According to an article in the National Law Review, the deceased, Karter Yu, used his iPhone, and specifically the Notes Application, to draft a Will shortly before facing an intense personal crisis.
Despite the fact that the Will was not witnessed (a legal requirement under local laws), the Court found that the Note was nonetheless created by the testator, and that there was a clear intention of the Note being legal and operative. Furthermore, the Court found that the Note had the testator’s signature (I assume electronically), and that it was time and date stamped by his iPhone. The title to the Note was ‘Last Will and Testament’
Therefore, the Will was found to be valid and probate was granted. It seems however that the Court considered special factors in this scenario, and generally did not intend to open up the floodgates to allow people to prepare a do-it-yourself Will on a smartphone.

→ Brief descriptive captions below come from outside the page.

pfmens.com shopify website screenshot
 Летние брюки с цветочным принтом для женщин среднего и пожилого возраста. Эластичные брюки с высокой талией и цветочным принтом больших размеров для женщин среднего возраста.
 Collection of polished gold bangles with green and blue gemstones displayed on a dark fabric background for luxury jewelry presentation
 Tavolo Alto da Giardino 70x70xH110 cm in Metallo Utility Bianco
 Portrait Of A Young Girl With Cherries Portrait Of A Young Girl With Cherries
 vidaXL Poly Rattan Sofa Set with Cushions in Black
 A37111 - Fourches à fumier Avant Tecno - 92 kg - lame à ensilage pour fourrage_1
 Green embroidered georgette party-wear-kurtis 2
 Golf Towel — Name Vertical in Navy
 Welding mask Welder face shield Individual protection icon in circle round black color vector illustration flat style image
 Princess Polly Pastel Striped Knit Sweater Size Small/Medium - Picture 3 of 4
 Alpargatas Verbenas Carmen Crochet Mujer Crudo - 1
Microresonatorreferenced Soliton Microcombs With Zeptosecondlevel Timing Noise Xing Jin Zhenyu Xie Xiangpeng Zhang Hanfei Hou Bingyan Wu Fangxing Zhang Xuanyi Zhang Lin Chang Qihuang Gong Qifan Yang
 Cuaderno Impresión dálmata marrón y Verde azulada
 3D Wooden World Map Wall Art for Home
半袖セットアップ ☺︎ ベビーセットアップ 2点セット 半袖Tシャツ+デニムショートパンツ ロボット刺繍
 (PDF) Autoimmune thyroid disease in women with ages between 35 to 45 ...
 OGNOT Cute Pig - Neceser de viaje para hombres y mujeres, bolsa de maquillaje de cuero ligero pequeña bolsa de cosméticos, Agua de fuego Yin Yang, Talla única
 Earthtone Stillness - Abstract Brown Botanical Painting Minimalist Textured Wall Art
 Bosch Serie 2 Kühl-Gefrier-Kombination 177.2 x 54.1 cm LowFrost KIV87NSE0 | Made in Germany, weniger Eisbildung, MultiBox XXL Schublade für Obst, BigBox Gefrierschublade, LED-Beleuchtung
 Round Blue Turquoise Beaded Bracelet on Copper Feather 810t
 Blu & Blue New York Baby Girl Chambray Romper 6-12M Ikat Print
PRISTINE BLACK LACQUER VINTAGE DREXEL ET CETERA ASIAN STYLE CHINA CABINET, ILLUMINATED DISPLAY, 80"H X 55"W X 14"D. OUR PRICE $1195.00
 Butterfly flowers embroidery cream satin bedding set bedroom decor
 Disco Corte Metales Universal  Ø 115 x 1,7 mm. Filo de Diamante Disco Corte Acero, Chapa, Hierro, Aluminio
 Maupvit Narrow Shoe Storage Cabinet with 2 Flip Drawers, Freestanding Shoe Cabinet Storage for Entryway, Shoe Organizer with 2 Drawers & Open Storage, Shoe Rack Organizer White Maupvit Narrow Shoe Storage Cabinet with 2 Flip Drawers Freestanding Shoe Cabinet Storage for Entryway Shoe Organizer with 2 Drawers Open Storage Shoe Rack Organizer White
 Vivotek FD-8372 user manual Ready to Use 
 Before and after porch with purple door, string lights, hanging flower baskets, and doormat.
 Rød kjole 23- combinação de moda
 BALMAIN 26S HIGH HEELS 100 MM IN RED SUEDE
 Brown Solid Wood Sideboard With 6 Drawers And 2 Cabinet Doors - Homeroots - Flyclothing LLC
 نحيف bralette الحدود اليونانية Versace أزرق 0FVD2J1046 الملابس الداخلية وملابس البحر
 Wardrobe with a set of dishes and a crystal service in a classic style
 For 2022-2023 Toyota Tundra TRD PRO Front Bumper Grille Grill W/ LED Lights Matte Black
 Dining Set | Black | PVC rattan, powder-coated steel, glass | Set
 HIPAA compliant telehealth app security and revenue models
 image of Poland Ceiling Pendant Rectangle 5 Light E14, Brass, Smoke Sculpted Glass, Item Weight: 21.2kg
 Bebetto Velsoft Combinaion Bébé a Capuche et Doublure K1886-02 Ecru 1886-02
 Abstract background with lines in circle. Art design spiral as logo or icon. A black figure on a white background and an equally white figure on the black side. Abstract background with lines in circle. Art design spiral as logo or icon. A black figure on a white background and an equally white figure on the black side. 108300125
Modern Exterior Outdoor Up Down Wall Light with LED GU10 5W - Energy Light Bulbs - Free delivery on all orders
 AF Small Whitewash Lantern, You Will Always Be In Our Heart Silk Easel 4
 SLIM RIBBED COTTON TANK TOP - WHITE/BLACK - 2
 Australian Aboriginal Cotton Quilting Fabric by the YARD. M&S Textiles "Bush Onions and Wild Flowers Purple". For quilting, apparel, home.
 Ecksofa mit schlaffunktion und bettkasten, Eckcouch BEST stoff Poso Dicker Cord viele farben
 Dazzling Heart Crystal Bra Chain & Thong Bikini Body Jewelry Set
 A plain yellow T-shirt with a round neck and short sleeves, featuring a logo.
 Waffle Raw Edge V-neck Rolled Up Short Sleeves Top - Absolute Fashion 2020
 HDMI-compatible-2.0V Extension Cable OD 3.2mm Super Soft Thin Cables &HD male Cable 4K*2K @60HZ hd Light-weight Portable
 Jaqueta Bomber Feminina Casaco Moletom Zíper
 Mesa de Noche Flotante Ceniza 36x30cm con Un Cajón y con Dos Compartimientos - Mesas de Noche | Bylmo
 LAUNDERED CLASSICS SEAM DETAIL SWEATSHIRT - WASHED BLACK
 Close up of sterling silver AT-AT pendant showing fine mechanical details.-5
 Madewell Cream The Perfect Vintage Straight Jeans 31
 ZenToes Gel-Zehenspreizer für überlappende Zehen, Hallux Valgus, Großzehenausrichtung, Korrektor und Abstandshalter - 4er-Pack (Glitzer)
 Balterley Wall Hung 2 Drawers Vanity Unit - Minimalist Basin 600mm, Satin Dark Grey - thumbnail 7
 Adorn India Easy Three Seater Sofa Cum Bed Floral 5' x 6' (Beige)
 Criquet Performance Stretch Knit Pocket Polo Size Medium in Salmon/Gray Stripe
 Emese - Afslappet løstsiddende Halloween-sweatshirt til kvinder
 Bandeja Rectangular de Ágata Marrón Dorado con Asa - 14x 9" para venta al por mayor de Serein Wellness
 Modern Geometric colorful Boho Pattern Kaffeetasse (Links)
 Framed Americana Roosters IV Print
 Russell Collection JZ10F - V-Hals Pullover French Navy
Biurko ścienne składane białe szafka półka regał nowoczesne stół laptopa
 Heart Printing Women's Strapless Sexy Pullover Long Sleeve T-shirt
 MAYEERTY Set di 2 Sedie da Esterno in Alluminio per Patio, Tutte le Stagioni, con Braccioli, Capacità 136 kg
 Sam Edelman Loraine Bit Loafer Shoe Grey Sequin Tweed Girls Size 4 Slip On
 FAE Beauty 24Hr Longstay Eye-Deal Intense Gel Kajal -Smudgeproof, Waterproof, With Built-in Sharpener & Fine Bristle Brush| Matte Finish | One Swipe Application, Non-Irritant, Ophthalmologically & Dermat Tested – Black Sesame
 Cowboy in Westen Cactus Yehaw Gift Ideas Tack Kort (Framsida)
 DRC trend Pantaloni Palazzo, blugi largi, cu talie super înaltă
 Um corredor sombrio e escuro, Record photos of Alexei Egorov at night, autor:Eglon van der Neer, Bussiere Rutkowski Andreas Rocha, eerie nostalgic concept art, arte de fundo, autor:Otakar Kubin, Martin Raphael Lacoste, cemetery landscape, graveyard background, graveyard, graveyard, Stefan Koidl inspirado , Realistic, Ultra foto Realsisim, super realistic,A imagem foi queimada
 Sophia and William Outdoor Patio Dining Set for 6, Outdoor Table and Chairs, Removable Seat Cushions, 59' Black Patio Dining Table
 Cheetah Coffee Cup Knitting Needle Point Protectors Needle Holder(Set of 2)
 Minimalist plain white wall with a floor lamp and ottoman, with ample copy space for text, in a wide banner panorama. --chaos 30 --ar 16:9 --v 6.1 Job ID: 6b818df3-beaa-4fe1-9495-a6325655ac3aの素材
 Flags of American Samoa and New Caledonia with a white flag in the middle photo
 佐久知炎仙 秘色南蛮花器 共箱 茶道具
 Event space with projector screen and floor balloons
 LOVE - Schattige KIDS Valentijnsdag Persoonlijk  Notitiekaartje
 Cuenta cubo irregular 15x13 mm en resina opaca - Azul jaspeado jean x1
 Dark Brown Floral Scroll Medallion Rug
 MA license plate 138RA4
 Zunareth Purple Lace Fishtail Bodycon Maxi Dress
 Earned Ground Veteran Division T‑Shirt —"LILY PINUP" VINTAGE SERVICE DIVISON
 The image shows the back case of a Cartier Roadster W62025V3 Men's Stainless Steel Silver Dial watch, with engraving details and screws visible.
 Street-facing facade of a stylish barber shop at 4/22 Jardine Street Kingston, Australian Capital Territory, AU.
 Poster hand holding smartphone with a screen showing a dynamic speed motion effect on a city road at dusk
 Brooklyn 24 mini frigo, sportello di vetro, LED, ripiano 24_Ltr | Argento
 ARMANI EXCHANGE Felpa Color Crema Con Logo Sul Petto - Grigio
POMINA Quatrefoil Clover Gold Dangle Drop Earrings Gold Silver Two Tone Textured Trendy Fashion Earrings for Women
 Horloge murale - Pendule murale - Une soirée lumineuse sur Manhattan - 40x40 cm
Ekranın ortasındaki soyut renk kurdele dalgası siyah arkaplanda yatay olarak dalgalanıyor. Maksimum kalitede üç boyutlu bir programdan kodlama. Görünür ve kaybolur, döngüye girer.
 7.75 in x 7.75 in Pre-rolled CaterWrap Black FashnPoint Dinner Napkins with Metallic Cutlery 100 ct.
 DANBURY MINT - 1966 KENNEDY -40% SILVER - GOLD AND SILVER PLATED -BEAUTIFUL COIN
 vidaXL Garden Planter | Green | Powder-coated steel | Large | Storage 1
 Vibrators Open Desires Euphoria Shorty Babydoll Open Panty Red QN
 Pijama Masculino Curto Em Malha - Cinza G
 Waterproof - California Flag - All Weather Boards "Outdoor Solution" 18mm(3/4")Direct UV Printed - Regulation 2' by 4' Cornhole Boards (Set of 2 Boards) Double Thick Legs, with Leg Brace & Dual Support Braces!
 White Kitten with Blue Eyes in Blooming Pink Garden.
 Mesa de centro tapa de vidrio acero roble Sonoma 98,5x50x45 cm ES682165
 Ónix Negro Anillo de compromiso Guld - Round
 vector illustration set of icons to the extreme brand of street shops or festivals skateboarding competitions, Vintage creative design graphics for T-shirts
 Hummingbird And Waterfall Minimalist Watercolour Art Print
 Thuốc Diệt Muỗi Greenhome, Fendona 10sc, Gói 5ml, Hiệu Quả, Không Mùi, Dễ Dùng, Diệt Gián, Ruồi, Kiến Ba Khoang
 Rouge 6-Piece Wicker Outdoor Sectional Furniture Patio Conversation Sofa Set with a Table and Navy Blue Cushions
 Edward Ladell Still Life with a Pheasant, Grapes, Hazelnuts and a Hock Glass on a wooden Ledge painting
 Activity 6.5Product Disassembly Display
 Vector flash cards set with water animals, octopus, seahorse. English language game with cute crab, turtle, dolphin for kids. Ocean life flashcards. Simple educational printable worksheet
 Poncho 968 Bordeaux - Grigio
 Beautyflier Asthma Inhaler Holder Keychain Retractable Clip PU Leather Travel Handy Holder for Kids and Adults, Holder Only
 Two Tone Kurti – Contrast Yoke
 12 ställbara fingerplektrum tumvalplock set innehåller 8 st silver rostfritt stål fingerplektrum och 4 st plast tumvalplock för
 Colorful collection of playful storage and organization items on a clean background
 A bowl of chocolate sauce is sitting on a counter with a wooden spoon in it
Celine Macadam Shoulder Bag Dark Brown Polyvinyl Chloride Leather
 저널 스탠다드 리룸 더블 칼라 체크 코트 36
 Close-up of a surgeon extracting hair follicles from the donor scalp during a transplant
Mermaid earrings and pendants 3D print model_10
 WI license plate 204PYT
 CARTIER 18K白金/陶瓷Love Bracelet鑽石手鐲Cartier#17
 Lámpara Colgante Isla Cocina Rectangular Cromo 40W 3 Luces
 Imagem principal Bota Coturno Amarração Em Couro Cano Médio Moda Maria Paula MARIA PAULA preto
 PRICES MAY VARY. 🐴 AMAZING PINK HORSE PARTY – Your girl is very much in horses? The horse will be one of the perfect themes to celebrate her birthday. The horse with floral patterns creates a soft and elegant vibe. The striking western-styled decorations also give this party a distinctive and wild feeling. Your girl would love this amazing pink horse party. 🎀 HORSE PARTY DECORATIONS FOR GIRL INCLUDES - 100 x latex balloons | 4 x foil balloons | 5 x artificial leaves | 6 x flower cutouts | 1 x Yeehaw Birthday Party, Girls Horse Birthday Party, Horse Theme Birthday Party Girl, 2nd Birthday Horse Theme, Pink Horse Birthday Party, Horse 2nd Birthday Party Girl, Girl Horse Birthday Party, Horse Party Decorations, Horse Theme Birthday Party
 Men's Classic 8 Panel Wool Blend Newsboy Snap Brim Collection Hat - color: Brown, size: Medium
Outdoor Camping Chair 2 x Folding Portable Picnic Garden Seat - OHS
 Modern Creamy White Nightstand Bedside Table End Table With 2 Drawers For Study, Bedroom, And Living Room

A decision such as the one in Australia, is not the only scenario where Courts have upheld Wills as valid, despite lacking the formal requirements. In fact, a 2011 Hull & Hull LLP blog recounts the case of the Saskatchewan farmer who in 1948 carved his Will into the bumper of his tractor that he was pinned under. The farmer wrote with his small knife, “In case I die in this mess, I leave all to the wife. Cecil Geo Harris”. The tractor Will was found to be a valid holograph Will.
In Ontario, the Succession Law Reform Act governs the requirements of a valid Will. Although a holograph Will does allow for some laxity with respect to these formal requirements, it is always suggested that individuals meet with professional estate planners to prepare valid Wills. It is not recommended that testators rely on their iPhone, or their tractor bumper, in drawing their final wishes.